[Image-text web data]
______________________________
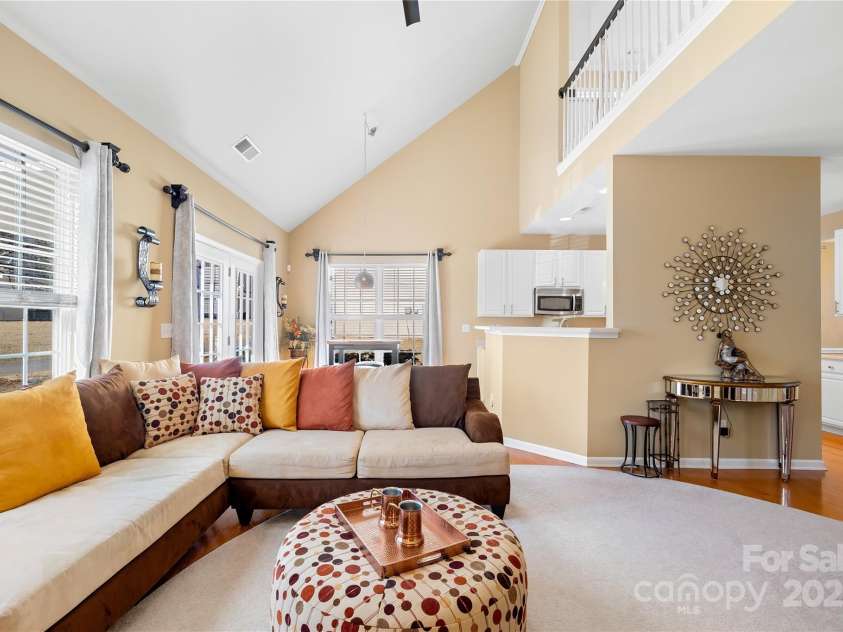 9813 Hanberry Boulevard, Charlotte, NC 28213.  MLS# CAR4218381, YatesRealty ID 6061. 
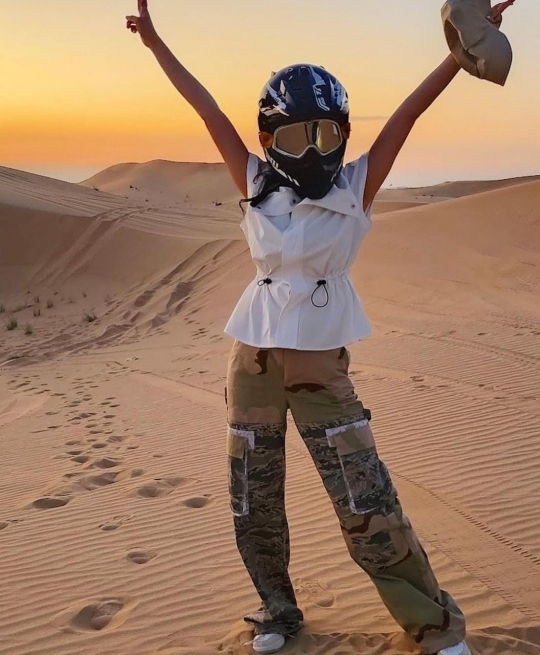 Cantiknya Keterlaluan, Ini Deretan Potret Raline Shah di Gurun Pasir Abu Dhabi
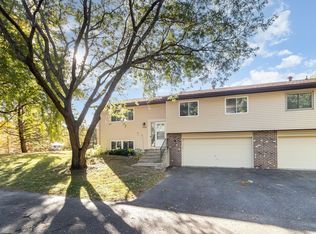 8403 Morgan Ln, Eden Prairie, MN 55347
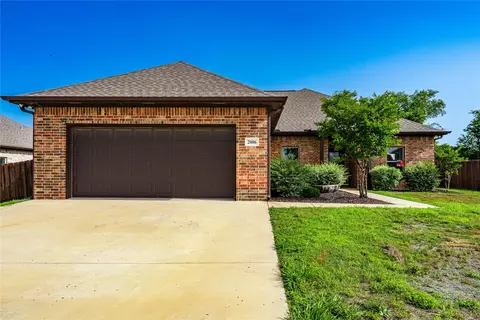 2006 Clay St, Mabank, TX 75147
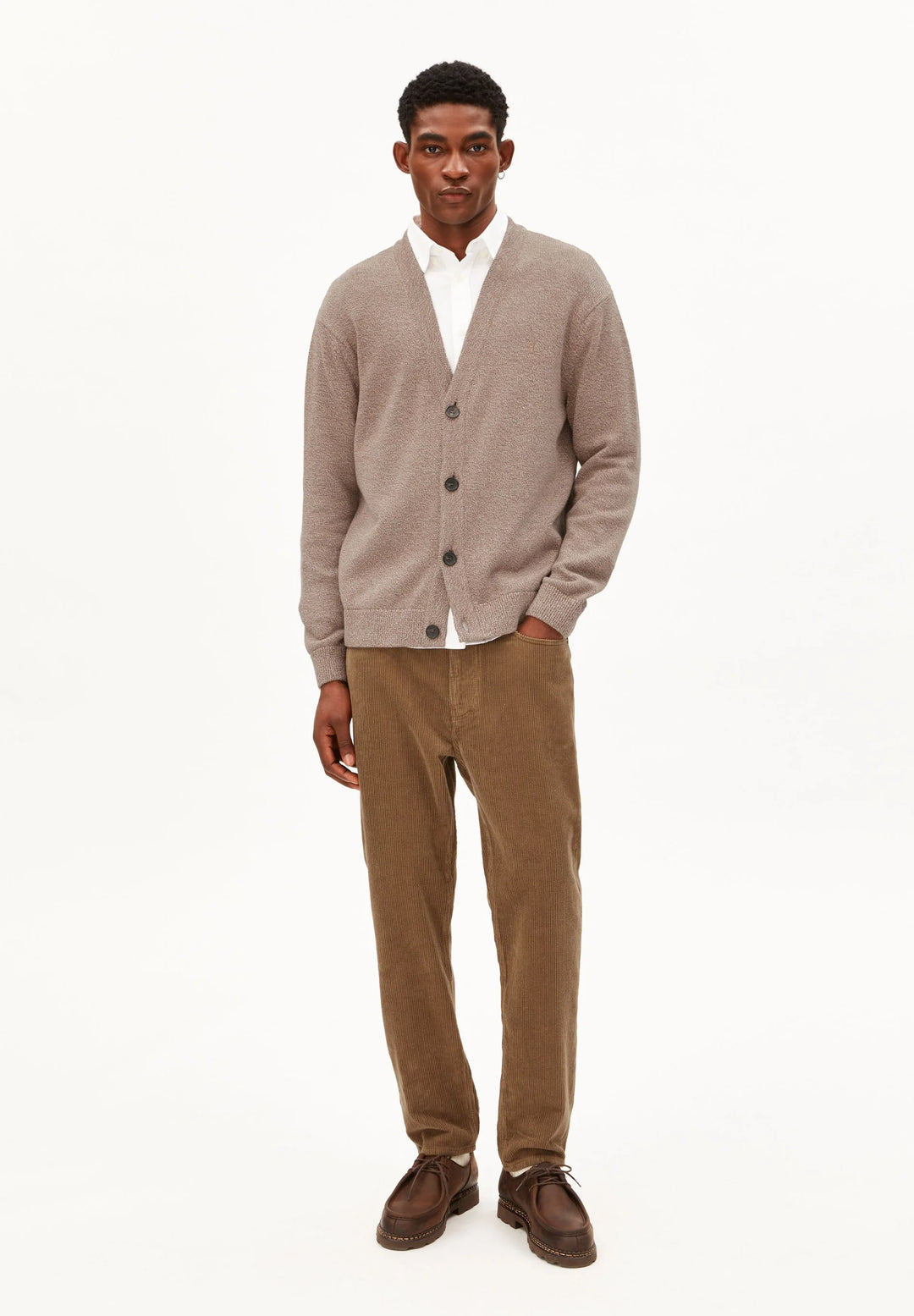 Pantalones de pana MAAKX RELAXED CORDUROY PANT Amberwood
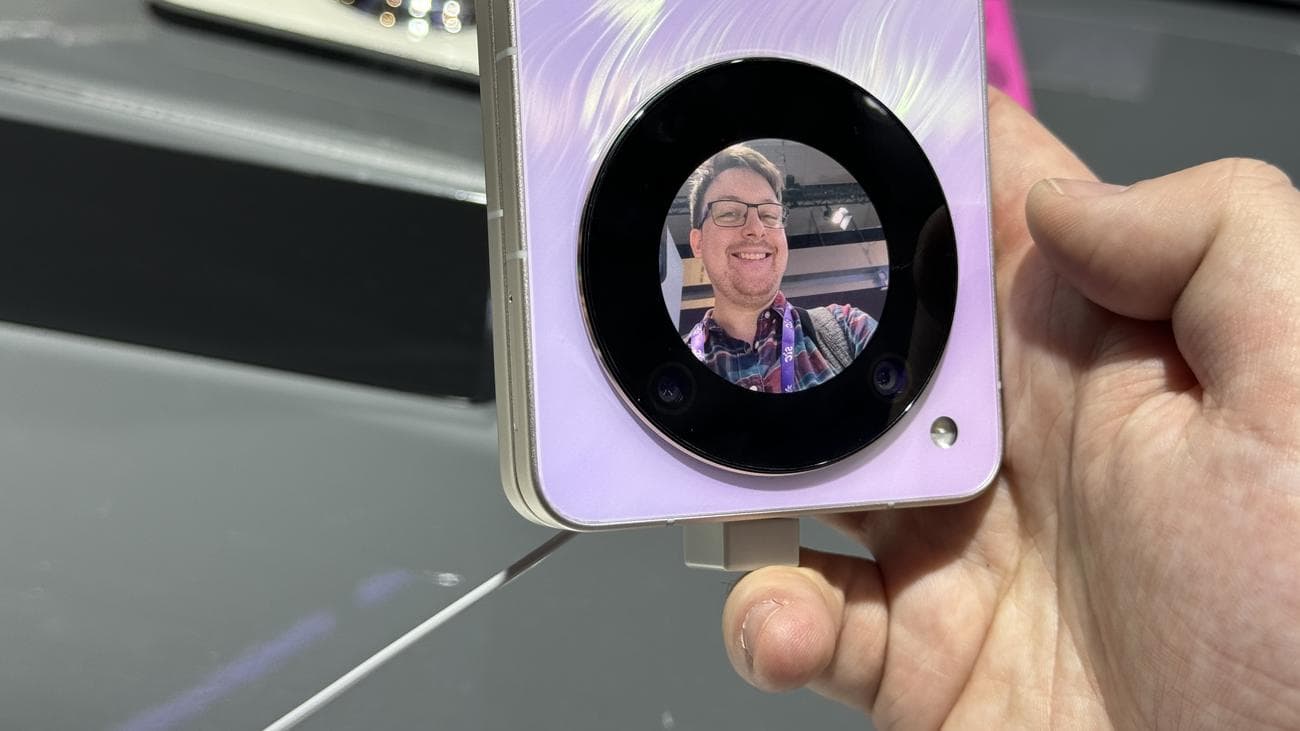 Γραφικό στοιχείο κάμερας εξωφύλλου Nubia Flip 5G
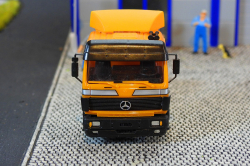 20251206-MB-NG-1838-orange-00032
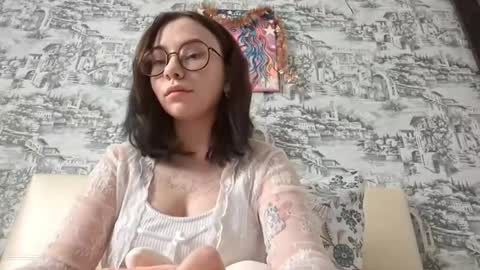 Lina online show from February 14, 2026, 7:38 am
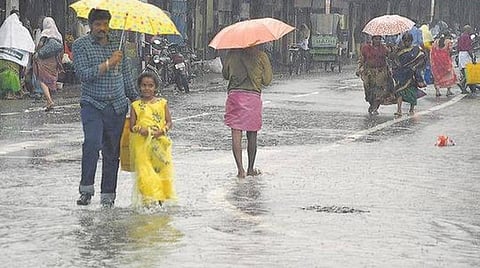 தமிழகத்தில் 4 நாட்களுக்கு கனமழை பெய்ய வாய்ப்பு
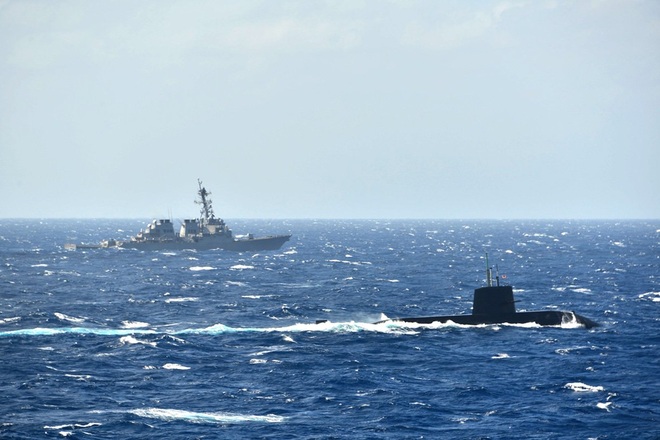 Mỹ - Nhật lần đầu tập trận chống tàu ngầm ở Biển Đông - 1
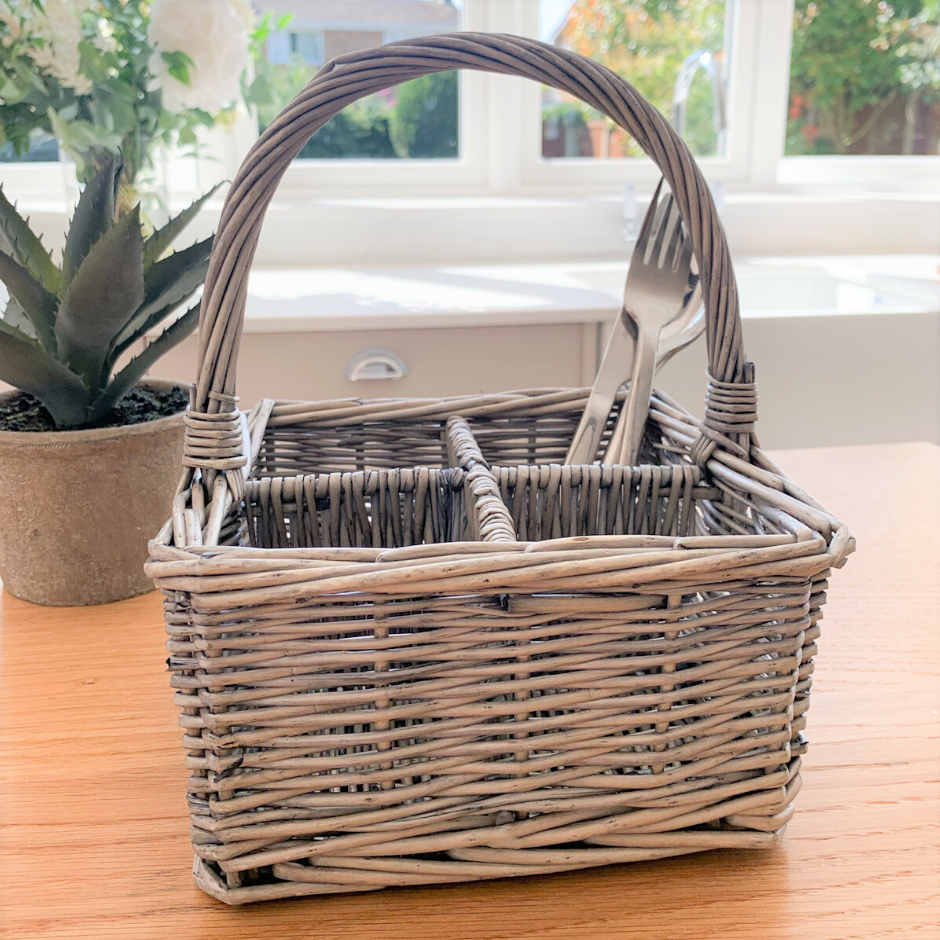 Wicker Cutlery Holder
______________________________
_EXERCISE PROMPT:_
In the copy, include every line of the records exactly and none of the images.

_SOLUTION FOR THIS PROBLEM:_
 9813 Hanberry Boulevard, Charlotte, NC 28213.  MLS# CAR4218381, YatesRealty ID 6061. 
 Cantiknya Keterlaluan, Ini Deretan Potret Raline Shah di Gurun Pasir Abu Dhabi
 8403 Morgan Ln, Eden Prairie, MN 55347
 2006 Clay St, Mabank, TX 75147
 Pantalones de pana MAAKX RELAXED CORDUROY PANT Amberwood
 Γραφικό στοιχείο κάμερας εξωφύλλου Nubia Flip 5G
 20251206-MB-NG-1838-orange-00032
 Lina online show from February 14, 2026, 7:38 am
 தமிழகத்தில் 4 நாட்களுக்கு கனமழை பெய்ய வாய்ப்பு
 Mỹ - Nhật lần đầu tập trận chống tàu ngầm ở Biển Đông - 1
 Wicker Cutlery Holder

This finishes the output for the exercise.